Solar demonstration project powers 32 independent electric systems
Established in 1984, the Illinois Municipal Electric Agency (IMEA) is a not-for-profit unit of local government that is comprised of 32 independent municipal electric systems. While each of these entities owns and operates its own electric distribution system – including some that operate local power generation plants – they combine the power needs of all their members through the IMEA to secure and ensure the reliable delivery of bulk power and energy to their members at low and stable prices.
In 2015, the IMEA Board of Directors decided to diversify the organization’s power generation portfolio by adding a renewable source of electricity through a solar demonstration project in Rantoul, Illinois.
“We were motivated to explore the benefits of solar power generation for numerous reasons,” said Greg Hazel, public works director for the Village of Rantoul. “It’s an opportunity to add a renewable energy source to our power generation mix, it provides real-world data for us to evaluate the performance and reliability of solar power in a utility setting, and it will generate interest in solar power in our local schools and community.”
Following a competitive bidding process, Cat dealer Altorfer won the right to install, operate and maintain a 1000-kW solar photovoltaic (PV) system that will fulfill a 20-year power purchase agreement with the IMEA. The installation was constructed on an eight-and-a-half-acre site near Heritage Lake Park and the University of Illinois Transportation Lab in a southeastern section of the former Chanute Air Force Base.
“Apart from the financial and environmental benefits of operating a solar facility, turning a vacant property into a productive community asset is an added bonus for this project,” said Kevin Gaden, president and chief executive officer of the IMEA.
The site uses advanced solar modules from Caterpillar that are setting the industry benchmark with improved performance over conventional silicon solar panels.

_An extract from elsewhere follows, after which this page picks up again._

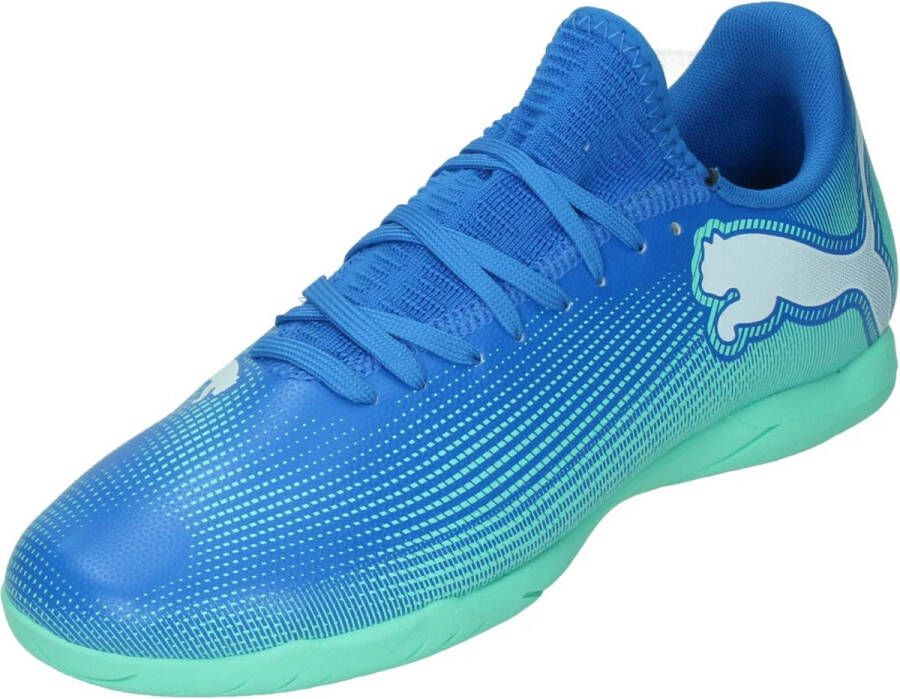 PUMA Future 7 Play It Jr Zaalschoenen Blauw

Fully scalable and pre-engineered for quick and easy installation, the system offers reliable and predictable energy in all climates and applications with modules that are independently tested to pass accelerated life and stress tests beyond industry standards.
The system also includes the Cat microgrid master controller (MMC), which leverages Cat Connect technology for real-time collection and communication of onsite performance data that can be remotely monitored and analyzed.
Construction of the facility commenced in the summer of 2016, and officials from Rantoul and the IMEA inaugurated the site as part of an Earth Day celebration in April of 2017.
In its first year of full-capacity operation, the solar facility in Rantoul produced a 2.5 percent better yield than what was guaranteed. It produced 1.65 million kWh of electricity in 2017 – enough energy to power approximately 145 homes, or up to one percent of Rantoul’s total power need.
As the facility demonstrates its economic viability and the capabilities of its advanced technologies, local officials have noted that the site has been configured to allow for the installation of additional solar-power generating capacity.
“We are learning a great deal from this demonstration site, and we would welcome an expansion of this site at the appropriate time in the future if it continues to deliver the return we need,” Hazel said.
The IMEA showed continued confidence in Altorfer and Caterpillar by commissioning a 500-kW solar PV utility-scale demonstration project in St. Charles, Illinois, as part of a 20-year power purchase agreement. Featuring more than 4,800 Cat solar panels, the facility began generating power in late 2017. It is expected to produce approximately 650,000 kWh annually.